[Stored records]
________________________

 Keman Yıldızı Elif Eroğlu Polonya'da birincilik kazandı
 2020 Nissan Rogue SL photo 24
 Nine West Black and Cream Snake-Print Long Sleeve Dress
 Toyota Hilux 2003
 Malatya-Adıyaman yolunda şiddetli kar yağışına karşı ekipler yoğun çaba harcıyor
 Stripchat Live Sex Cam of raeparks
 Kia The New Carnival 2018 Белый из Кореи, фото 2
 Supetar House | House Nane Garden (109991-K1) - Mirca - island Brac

________________________

== Work request ==
Give again exactly, and only, the lines above starting at the one with "2020 Nissan Rogue SL photo 24" and ending at the one with "Stripchat Live Sex Cam of raeparks".

== Solution for this exercise ==
 2020 Nissan Rogue SL photo 24
 Nine West Black and Cream Snake-Print Long Sleeve Dress
 Toyota Hilux 2003
 Malatya-Adıyaman yolunda şiddetli kar yağışına karşı ekipler yoğun çaba harcıyor
 Stripchat Live Sex Cam of raeparks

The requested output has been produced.